In April 2020, Wyden and other Democrats notified U.S. Attorney General Merrick Garland that they’d grown “deeply concerned” about the unchecked expansion of predictive policing across the country. They sought information about the department’s role, and—setting a deadline for approximately a month and a half later—attached a list of relevant questions. Nine months later, when a response finally did arrive, they found that most of them had gone unanswered.
In their letter to Garland, the lawmakers requested basic facts about the DOJ’s funding of AI-driven software. They sought to learn, for example, which state and local agencies specifically had adopted or furthered research into predictive policing tools with the DOJ’s assistance. They sought to learn whether the DOJ had any rules designed to ensure such tools are “tested for efficacy, validity, reliability, and bias”.
The letter responding to that inquiry, signed by Acting Assistant Attorney General Peter S. Hyun, begins by vaguely acknowledging that the nationwide use of predictive policing has given rise to “complex questions.” While Hyun claimed that the government remains “steadfastly committed” to safeguarding Americans’ civil rights when it comes to forecasting crime, those assurances have failed to impress Wyden, the top privacy hawk on Capitol Hill and chair of the Senate Finance Committee.
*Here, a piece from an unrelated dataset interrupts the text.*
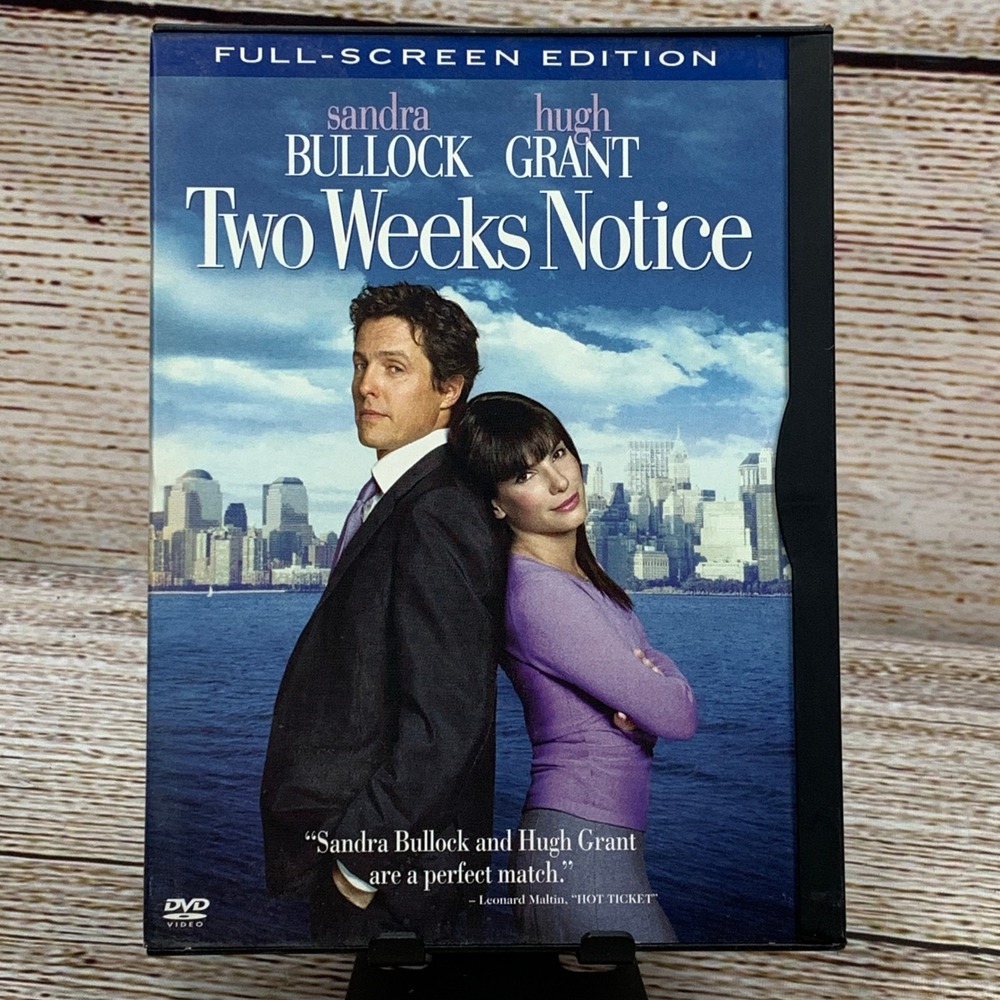 Two Weeks Notice [2002 DVD] Full Screen Sandra Bullock Hugh Grant Comedy Romance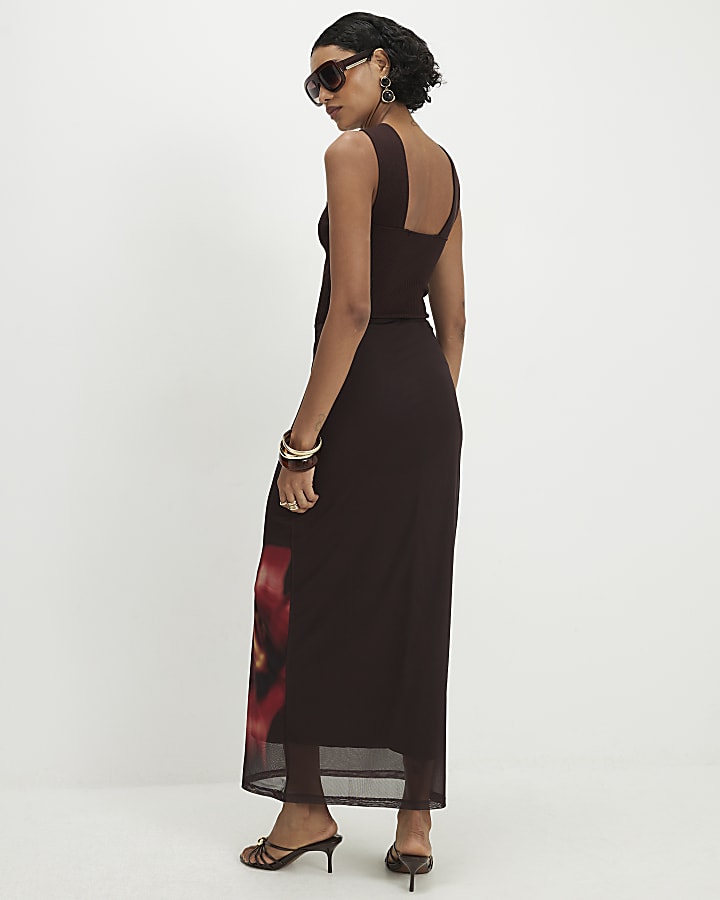 Brown Mesh Floral Print Maxi Skirt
According to the response from Assistant AG Hyun, federal funding for predictive policing has principally come from two sources. One, known as the Edward Byrne Memorial Justice Assistance Grant Program (JAG)—named for a New York City police officer murdered in 1988—appears to disburse grants under conditions far less than stringent than the second. JAG, the nation’s “leading source” of criminal justice funding, according to the DOJ, is not actively keeping track of whether funds are being used for this purpose.
“BJA does not have specific records,” Hyun said, “that confirm the exact number of grantees and subgrantees within the Edward Byrne Memorial Justice Assistance Grant (JAG) Formula Program that use predictive policing.”
Despite its nescient practices, at least some JAG funding has been spent in this area. In trying to address the lawmakers’ concerns, BJA managed to identify at least five U.S. cities that have applied grants towards predictive policing programs. Those include Bellingham, Washington; Temple and Ocala, Florida; and Alhambra and Fremont, California. In the case of Temple, Hyun wrote, JAG funding was spent on a predictive program intended to “identify targets for police intervention.”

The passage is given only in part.